*SUPPLIED INFORMATION:*
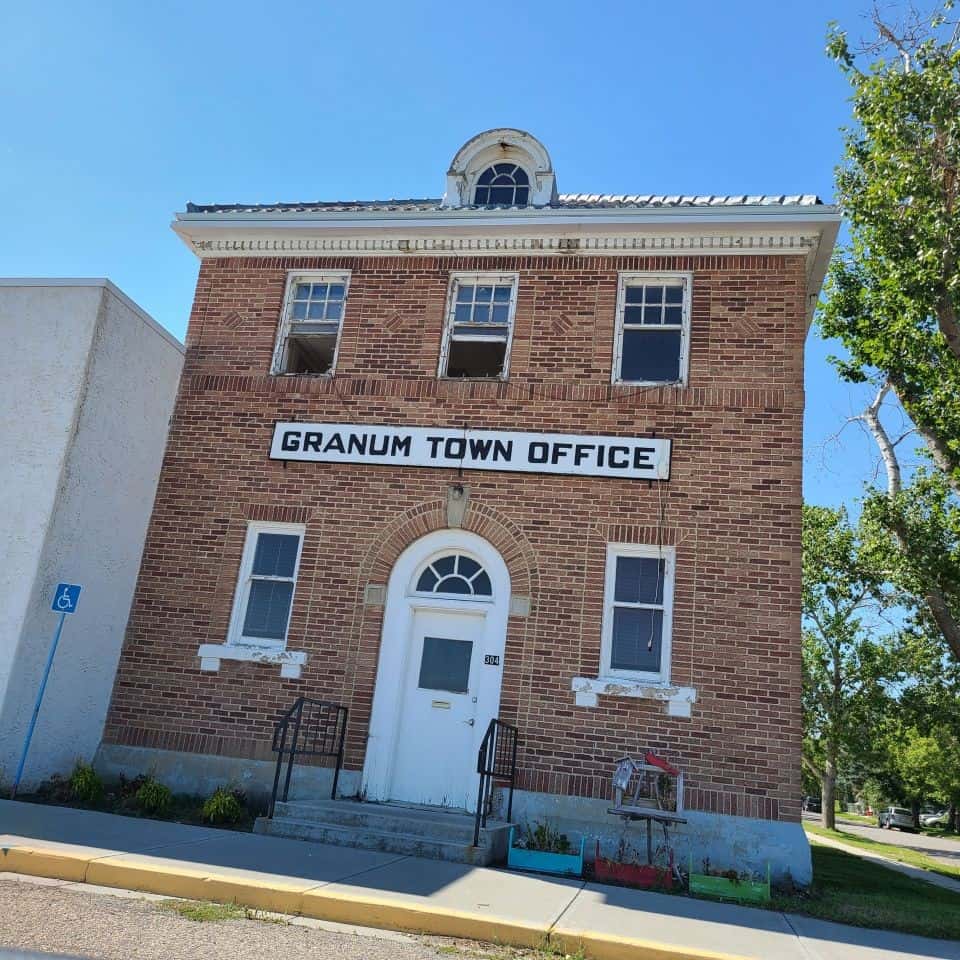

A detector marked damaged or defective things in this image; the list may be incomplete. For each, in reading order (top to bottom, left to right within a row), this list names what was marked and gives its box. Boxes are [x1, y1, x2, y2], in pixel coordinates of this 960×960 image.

broken window [474, 163, 532, 206]
broken window [272, 274, 350, 376]
broken window [440, 274, 516, 378]
broken window [616, 272, 688, 384]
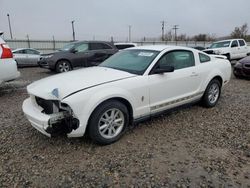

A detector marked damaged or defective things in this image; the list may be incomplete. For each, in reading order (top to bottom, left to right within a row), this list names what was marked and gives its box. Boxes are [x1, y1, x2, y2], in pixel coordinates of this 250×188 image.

*ASSIGNED TASK:*
The records above are to be transcribed in full, with images omitted.

*ANSWER TO THIS EXERCISE:*
A detector marked damaged or defective things in this image; the list may be incomplete. For each, in reading order (top to bottom, left to right within a row), this list names what was marked and gives its box. Boxes are [x1, y1, x2, y2], in pixel coordinates of this 960×960 image.

broken window [474, 163, 532, 206]
broken window [272, 274, 350, 376]
broken window [440, 274, 516, 378]
broken window [616, 272, 688, 384]

A detector marked damaged or defective things in this image; the list may be incomplete. For each, in reading order (top to bottom, left to right within a row), this list names what was marked and gives its box. Boxes are [x1, y1, x2, y2], in pixel coordinates of this 250×188 image.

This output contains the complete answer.